# About this exercise:
The line with "Tourisme de Saint-Cyr-sur-Mer" marks the first line to copy, and the line with "NEWERA 9FORTY LAロゴ　ベージュ　キャップ" marks the last. Transcribe that stretch of the data below exactly, without pictures.

# Dataset records:
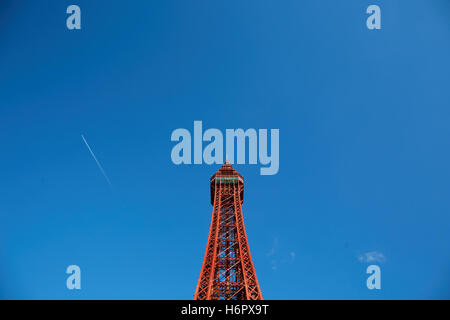 Structure de la Blackpool Tower vue Maison de ville resort attractions touristiques de Lancashire copyspace tour régulièrement l'ciel bleu Banque D'Images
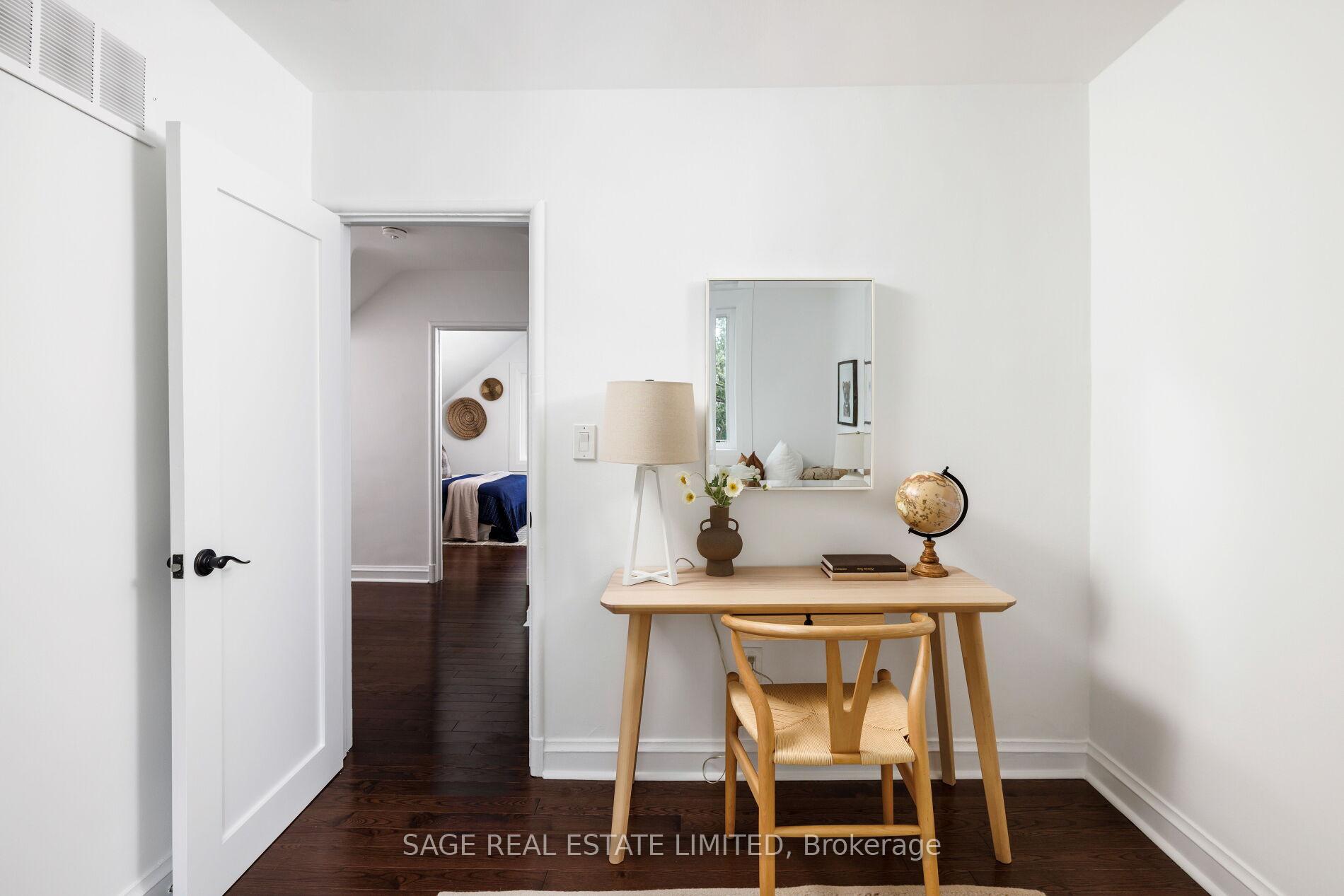 Photo 39 of 53 Wilgar Road, Etobicoke, Kingsway South — HOMEH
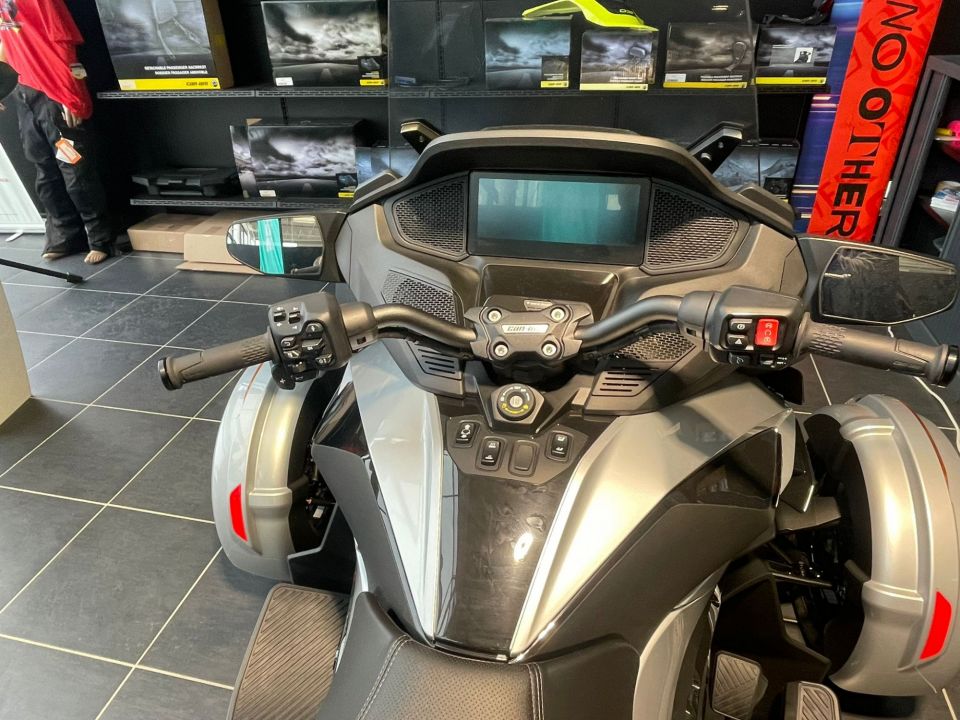 CAN-AM SPYDER RT 4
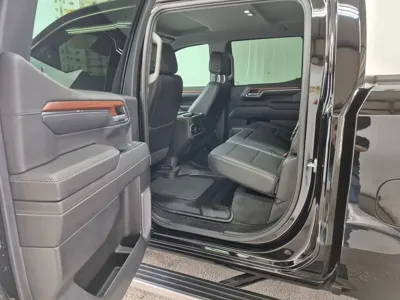 GMC Sierra 2023, 37817 км, за 62900000 KRW - фото 9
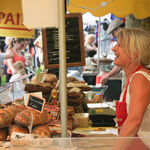 © Marché Hebdomadaire - Office de Tourisme de Saint-Cyr-sur-Mer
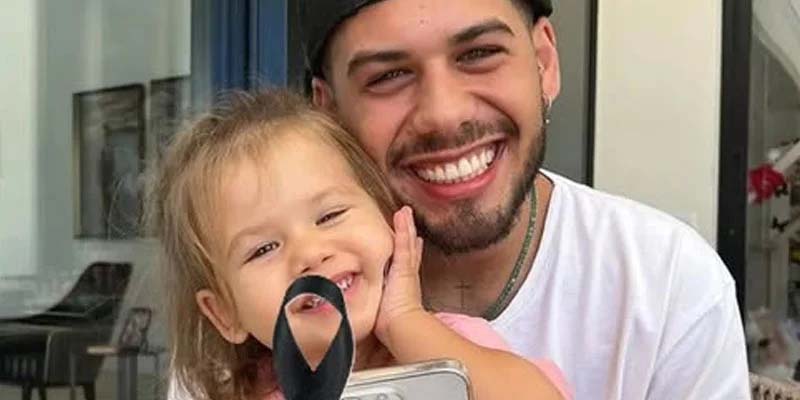 Young man put daughter inside the fir… See more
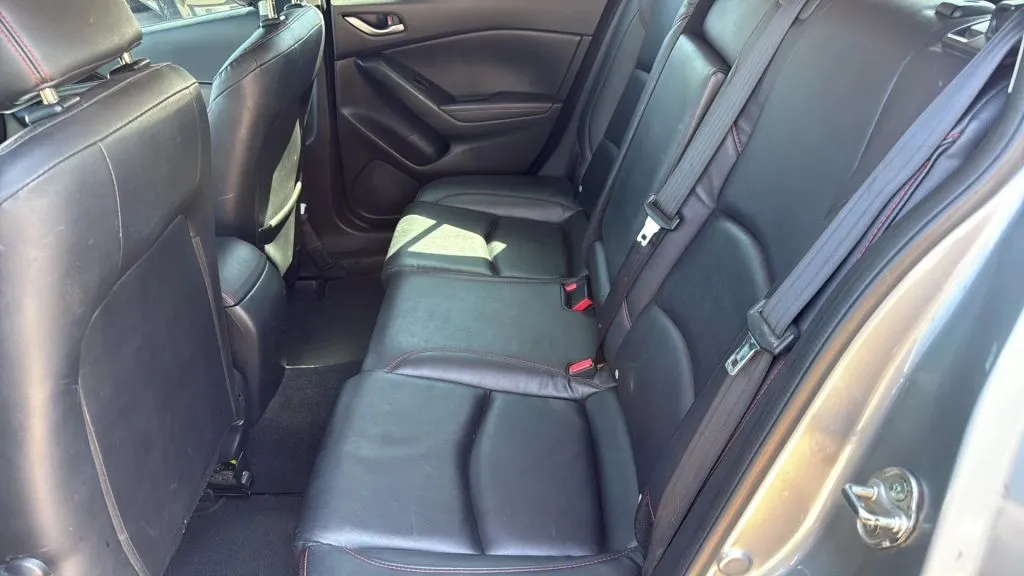 2014 Mazda Mazda3 Grand Touring Hatchback photo 12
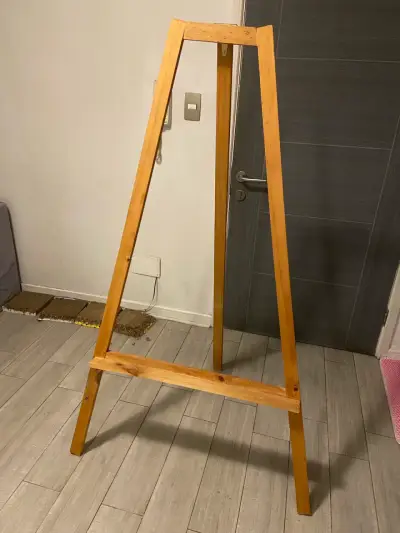 Caballete de madera para pintura o exhibición - miniatura 1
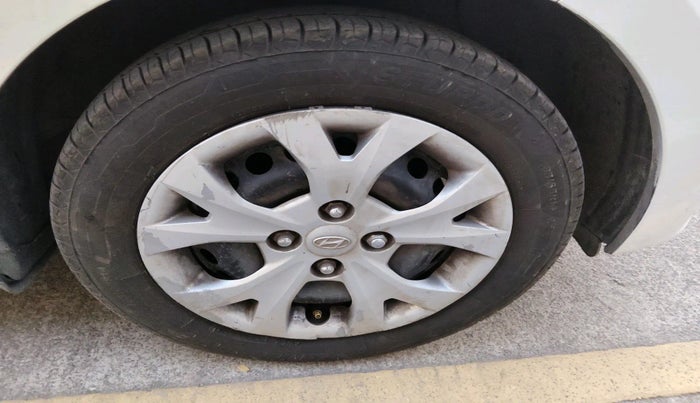 2016 Hyundai Grand i10 SPORTZ 1.2 KAPPA VTVT, Petrol, Manual, 72,226 km, tyre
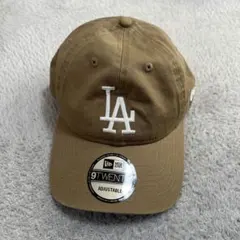 NEWERA 9FORTY LAロゴ　ベージュ　キャップ
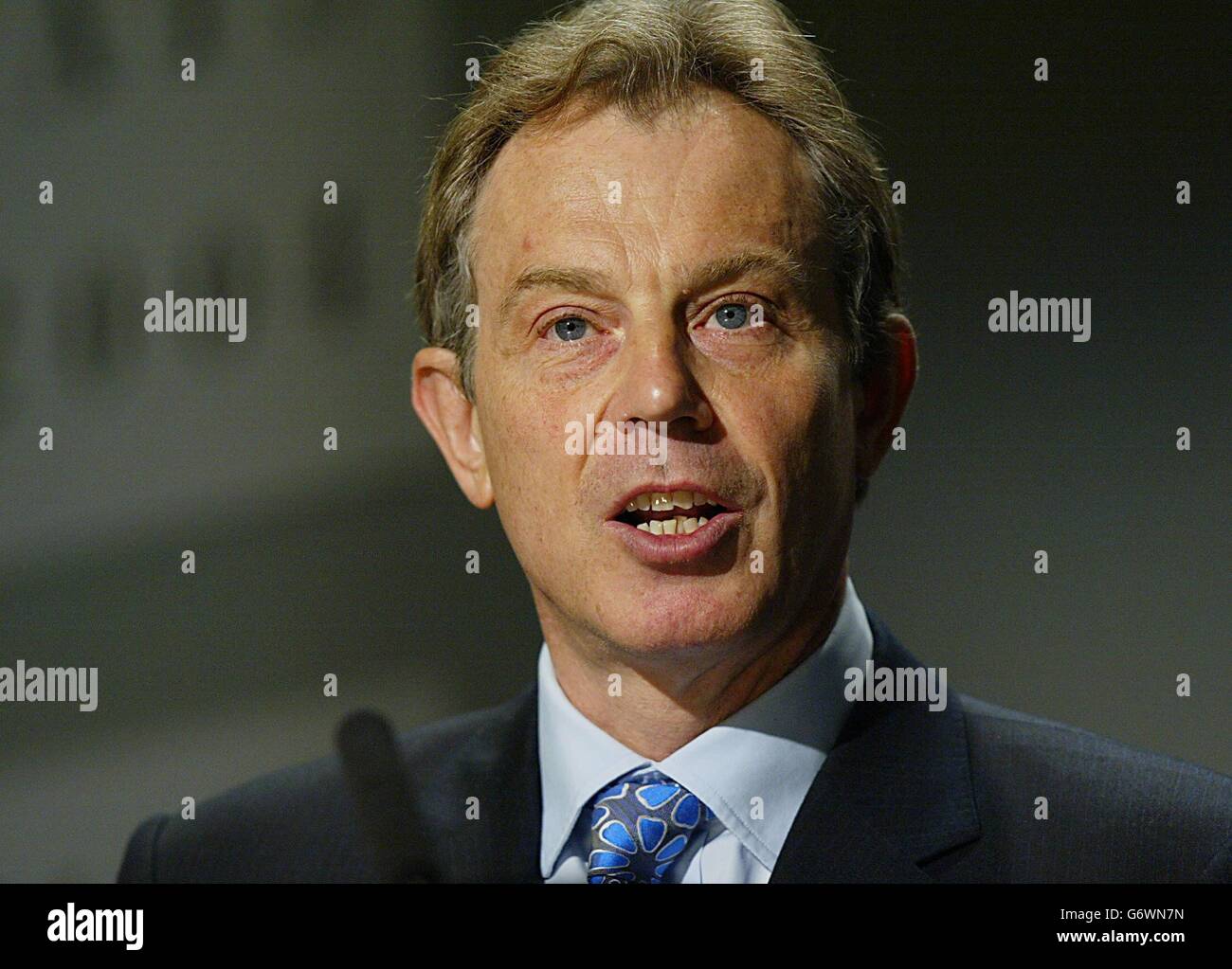 Il primo ministro Tony Blair si rivolge ai governatori della riunione annuale della Banca europea per la ricostruzione e lo sviluppo (BERS) a Londra. In un sondaggio di opinione pubblicato oggi, Blair potrebbe affrontare una forte opposizione da parte dei suoi banchi se chiamasse un referendum sulla nuova costituzione dell'Unione europea. Foto Stock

# Your solution:
 © Marché Hebdomadaire - Office de Tourisme de Saint-Cyr-sur-Mer
 Young man put daughter inside the fir… See more
 2014 Mazda Mazda3 Grand Touring Hatchback photo 12
 Caballete de madera para pintura o exhibición - miniatura 1
 2016 Hyundai Grand i10 SPORTZ 1.2 KAPPA VTVT, Petrol, Manual, 72,226 km, tyre
 NEWERA 9FORTY LAロゴ　ベージュ　キャップ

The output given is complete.